Task details: Without carrying over a single picture, write out the records below exactly.

◇ ◇ ◇ ◇

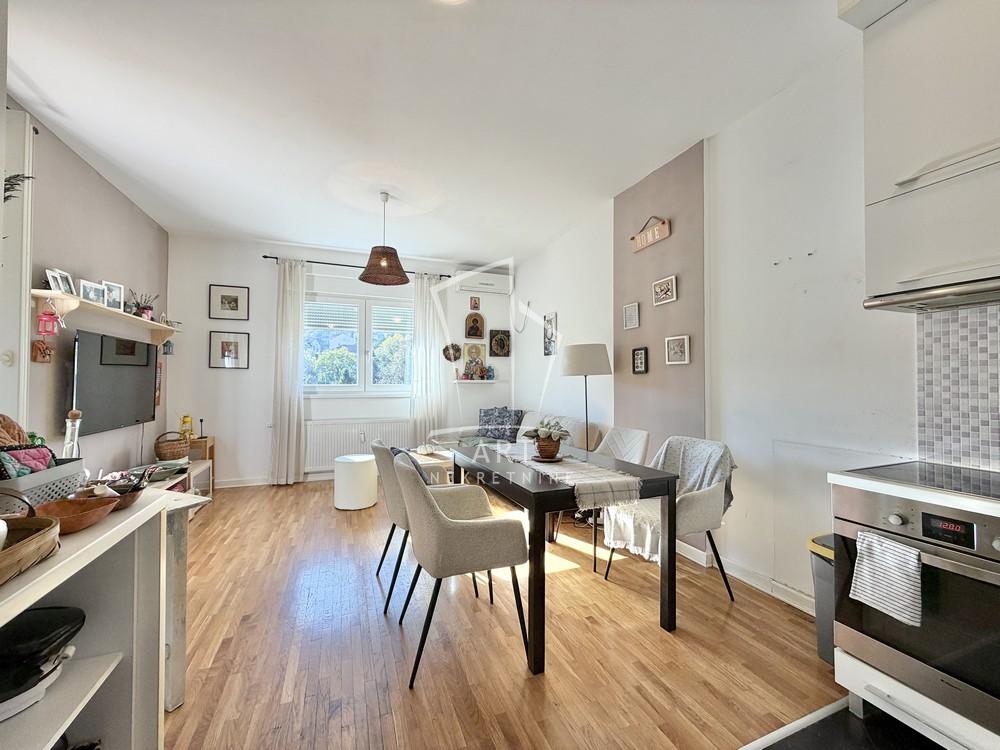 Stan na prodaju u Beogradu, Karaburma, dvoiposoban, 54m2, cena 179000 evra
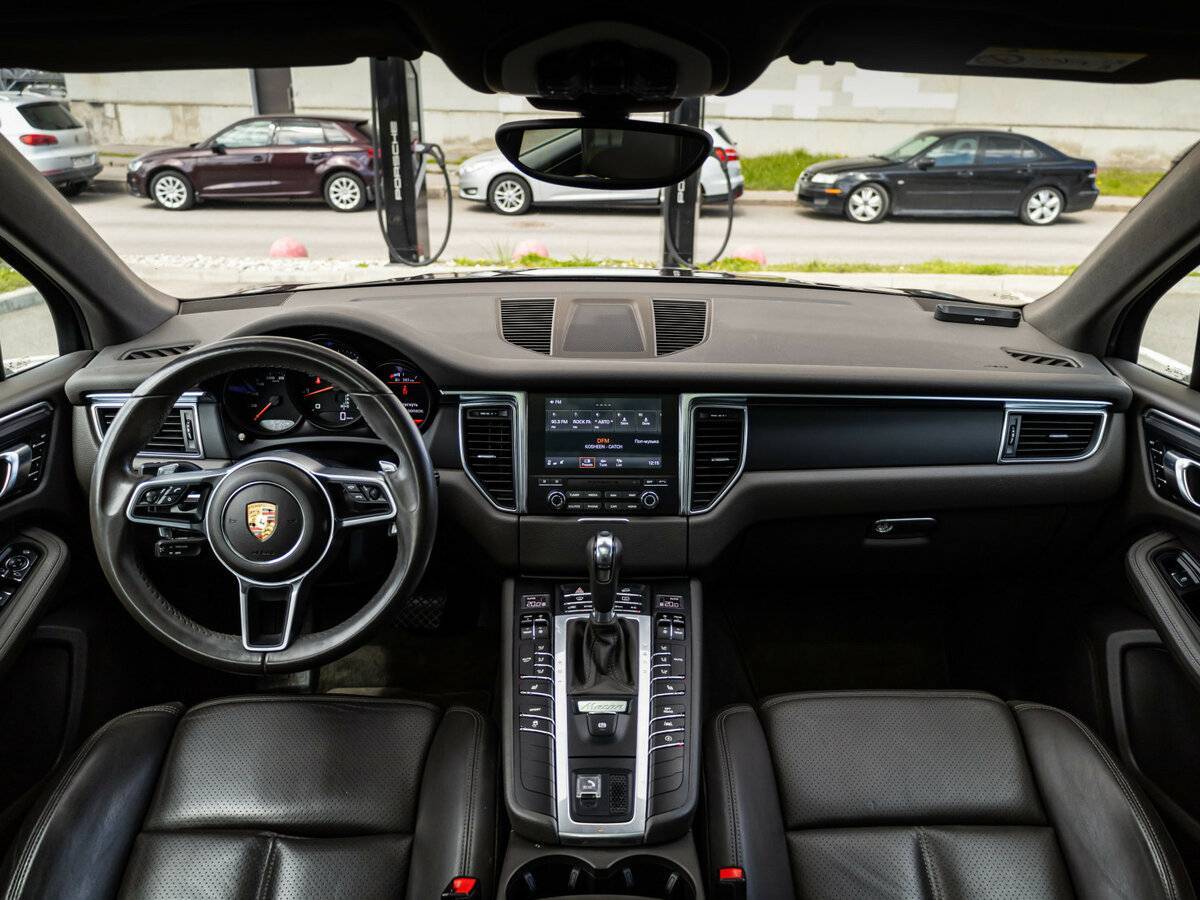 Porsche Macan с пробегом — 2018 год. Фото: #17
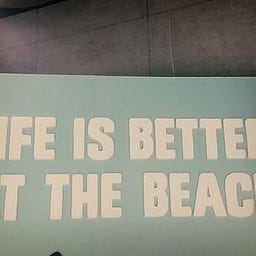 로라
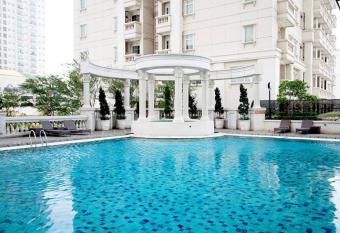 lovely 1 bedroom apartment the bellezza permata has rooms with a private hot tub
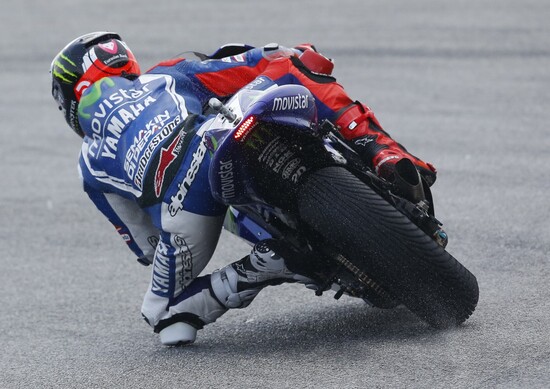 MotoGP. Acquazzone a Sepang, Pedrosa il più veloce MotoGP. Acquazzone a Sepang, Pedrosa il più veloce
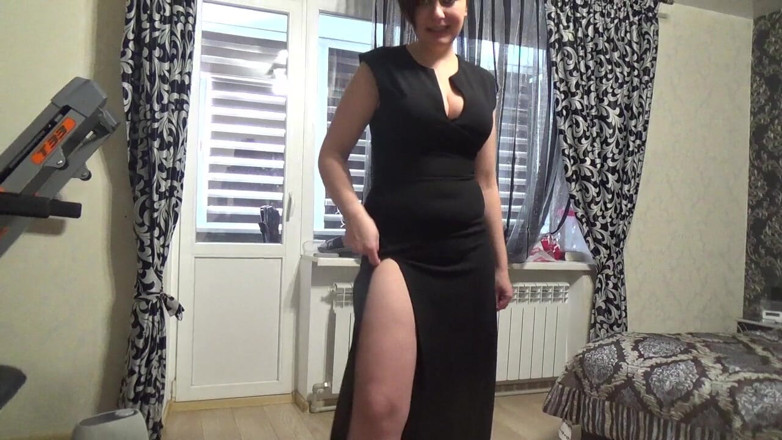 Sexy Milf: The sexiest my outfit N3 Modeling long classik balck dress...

◇ ◇ ◇ ◇

Response:
 Stan na prodaju u Beogradu, Karaburma, dvoiposoban, 54m2, cena 179000 evra
 Porsche Macan с пробегом — 2018 год. Фото: #17
 로라
 lovely 1 bedroom apartment the bellezza permata has rooms with a private hot tub
 MotoGP. Acquazzone a Sepang, Pedrosa il più veloce MotoGP. Acquazzone a Sepang, Pedrosa il più veloce
 Sexy Milf: The sexiest my outfit N3 Modeling long classik balck dress...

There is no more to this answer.